Pan Arkadiusz natychmiast po wypadku złożył wniosek o odszkodowanie w Zarządzie Dróg i Transportu. Po kilku tygodniach otrzymał zaskakującą odpowiedź.
– Firma ubezpieczeniowa odmówiła mi przyznania pieniędzy. Według opinii inspektora z Zarządu Dróg i Transportu, na którym opierała się negatywna odpowiedź, wyrwy, w jaką wpadłem, w ogóle nie było – opowiada pechowy kierowca.
Urzędników nie przekonało nawet zdjęcie dziury, które właściciel auta zrobił zaraz po wypadku.
– W Zarządzie nie chciano mnie nawet słuchać, a tym bardziej oglądać zdjęcia.

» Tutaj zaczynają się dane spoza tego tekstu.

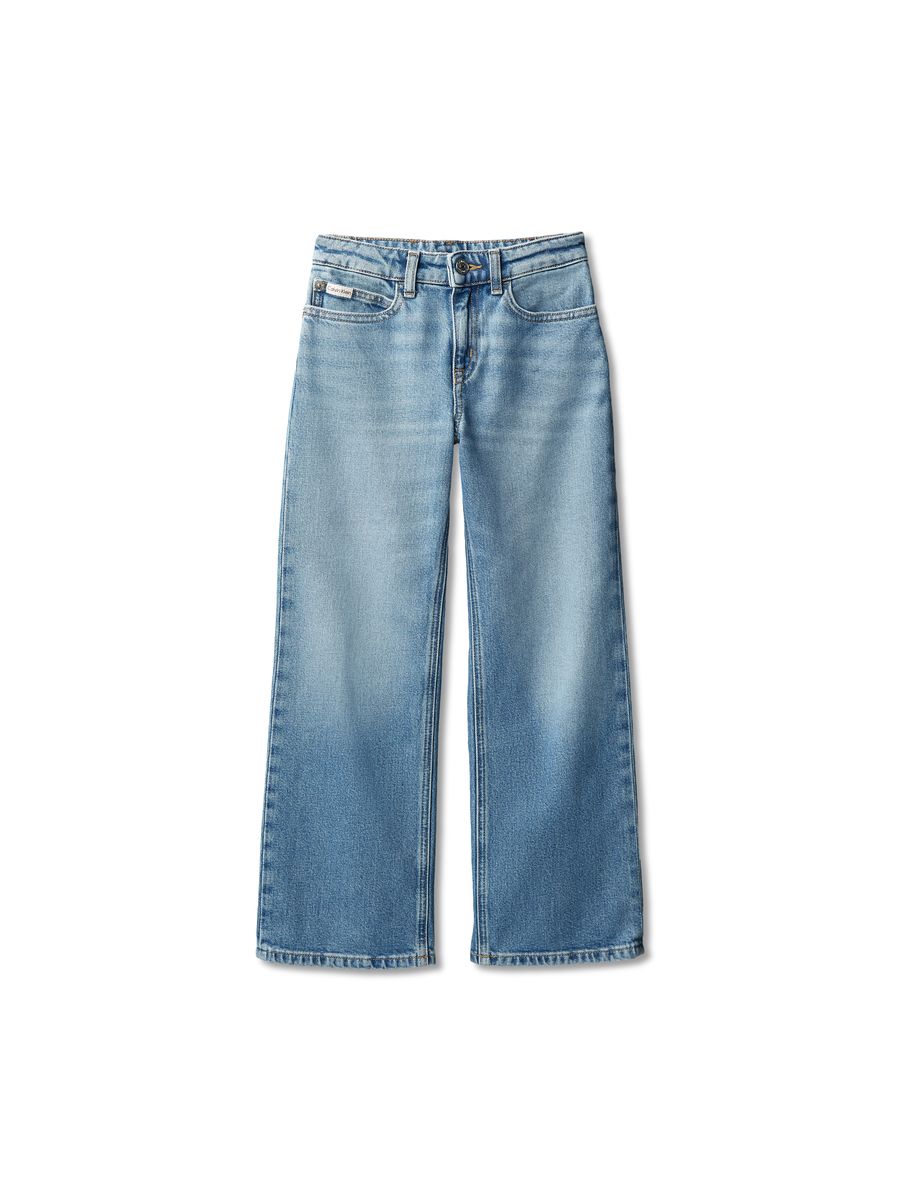 Calvin Klein Jeanshose, Used-Waschung, für Kinder, blau, 152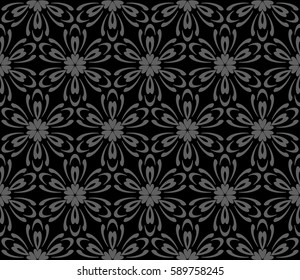 seamless ornamental pattern. Floral geometric style. Vector illustration. For interior design, fabric print, page fill, wallpaper, textile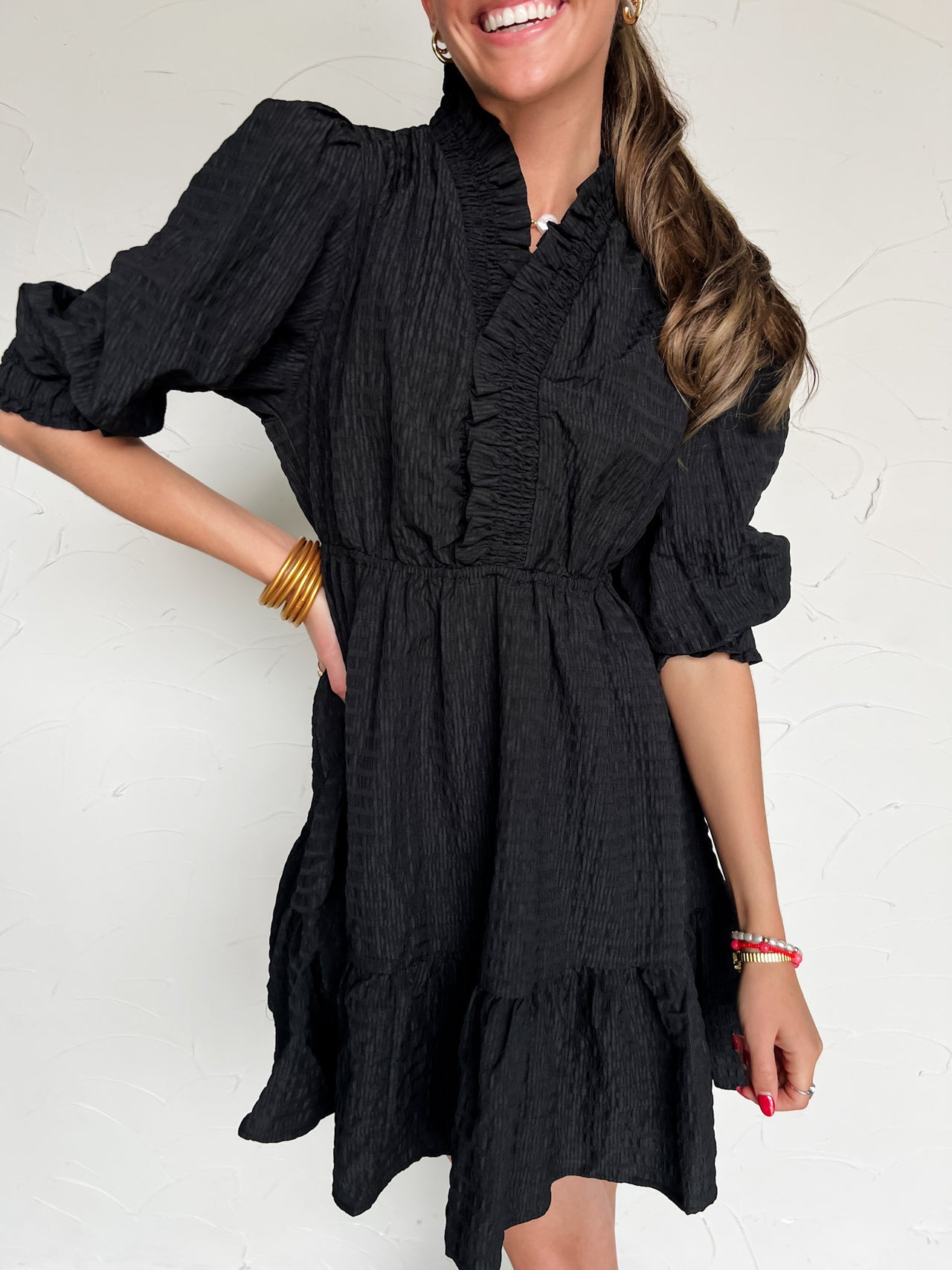 The Right One For Me Ruffle Dress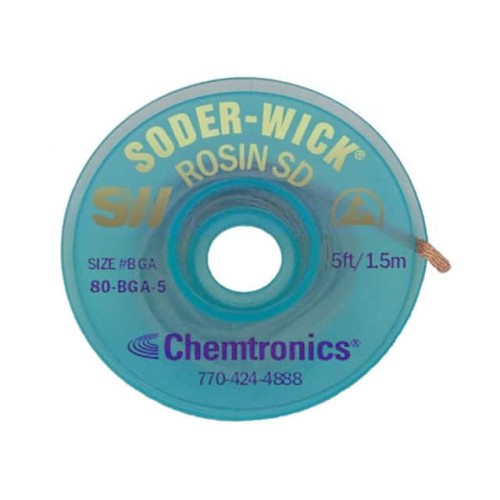 DESOLDER BRAID ROSIN 5'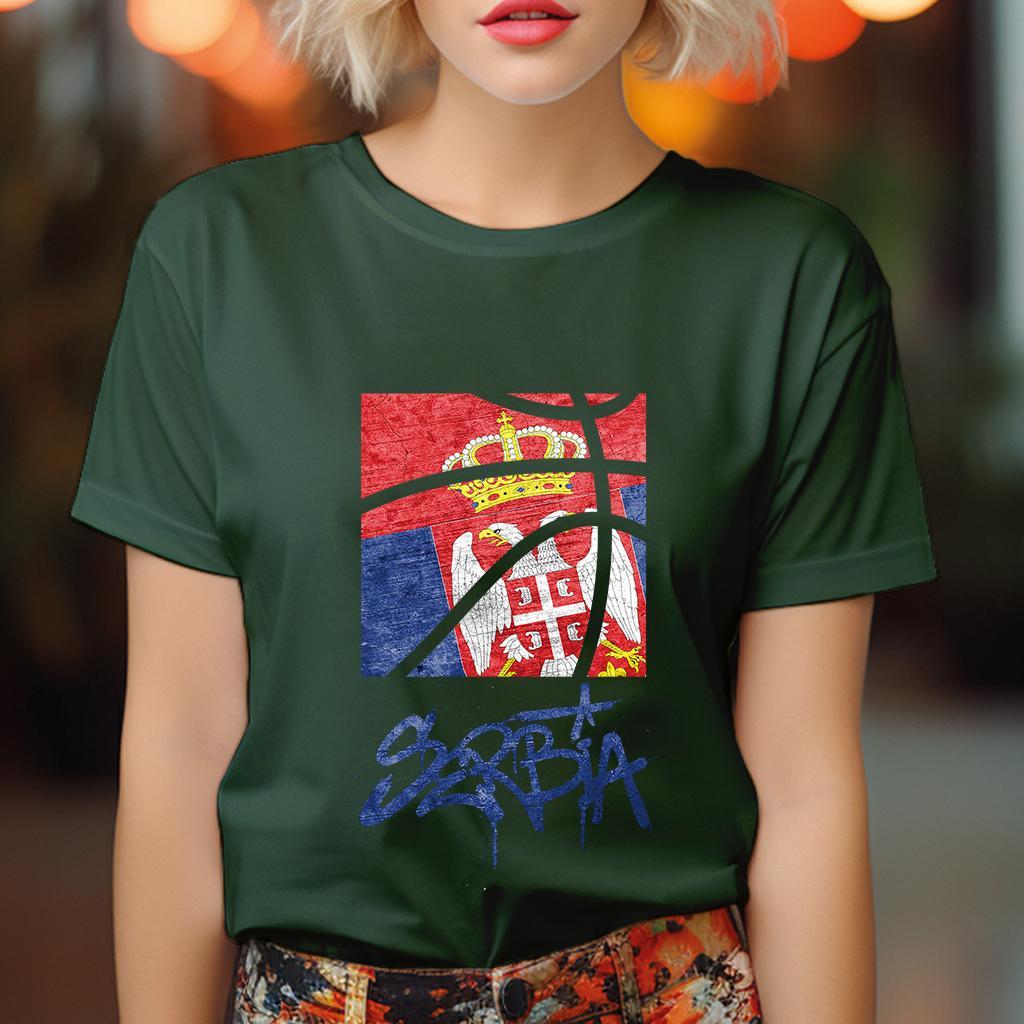 Camiseta Ženska majica sa štampanim printom Cam 995, Zimzelena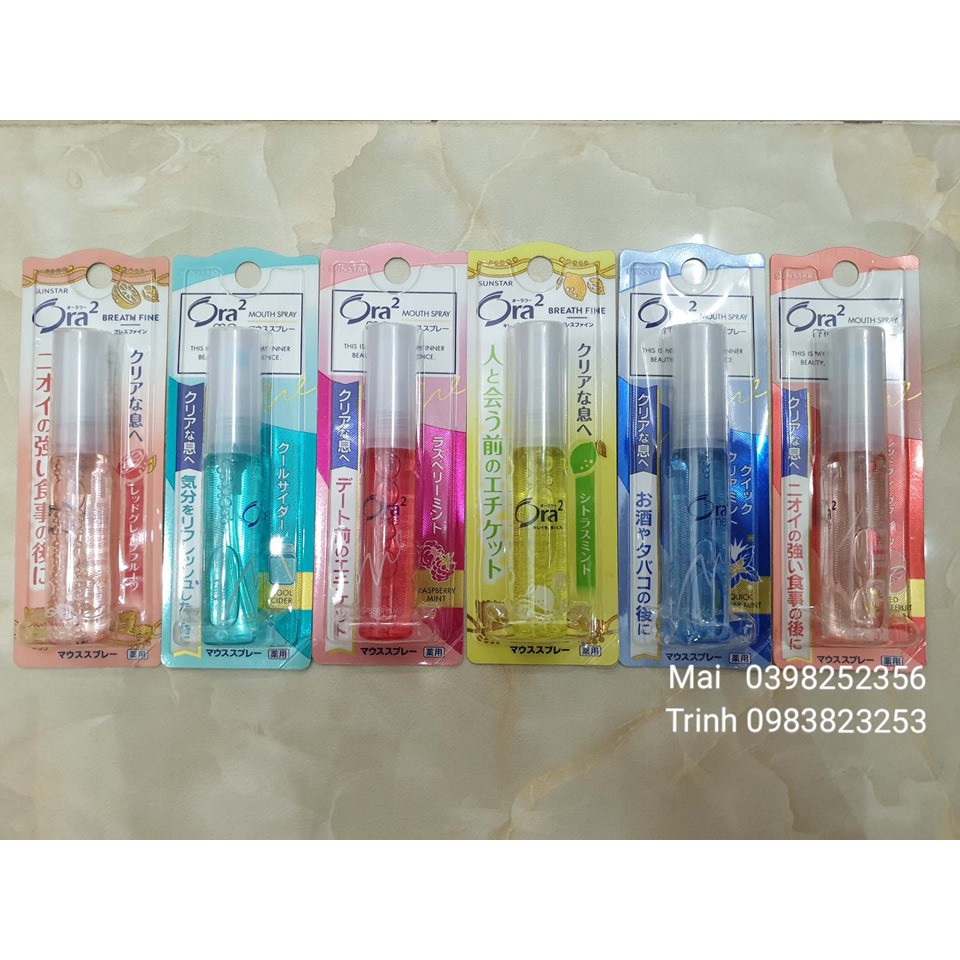 Xịt thơm miệng Nhật Sunstar Ora 2 Breath Fine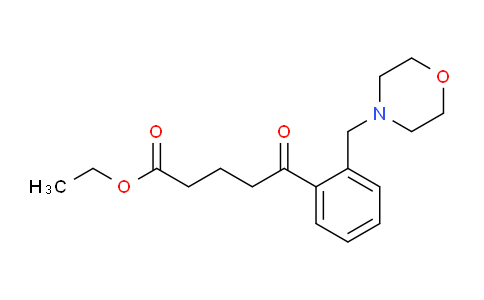 DY19D983 | 898751-49-0 | Ethyl 5-2-(morpholinomethyl)phenyl-5-oxovalerate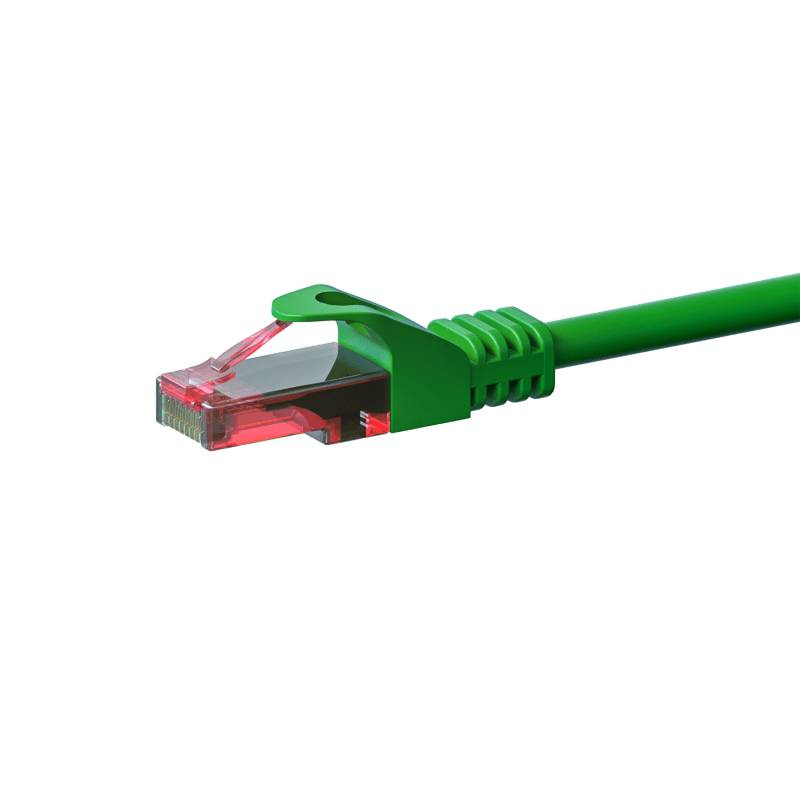Câble CAT6 UTP 100% cuivre vert - 5m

Nie pomogła też osobista interwencja u wicedyrektora Zarządu Dróg i Transportu Stanisława Zdrajkowskiego – dodaje pan Arkadiusz.
A co na to pracownicy Zarządu Dróg i Transportu?
– Według pogotowia drogowego, które w dniu zgłoszenia szkody pojechało na ul. Srebrzyńską, było tam tylko kilka drobnych wyłuszczeń w nawierzchni. Niemożliwością jest dokonanie na takiej jezdni opisywanych przez poszkodowanego uszkodzeń. Nie mamy w dokumentacji jego zdjęcia. Może się odwołać od decyzji ubezpieczyciela – informuje lakonicznie Aleksandra Mioduszewska, rzecznik prasowy Zarządu Dróg i Transportu w Łodzi.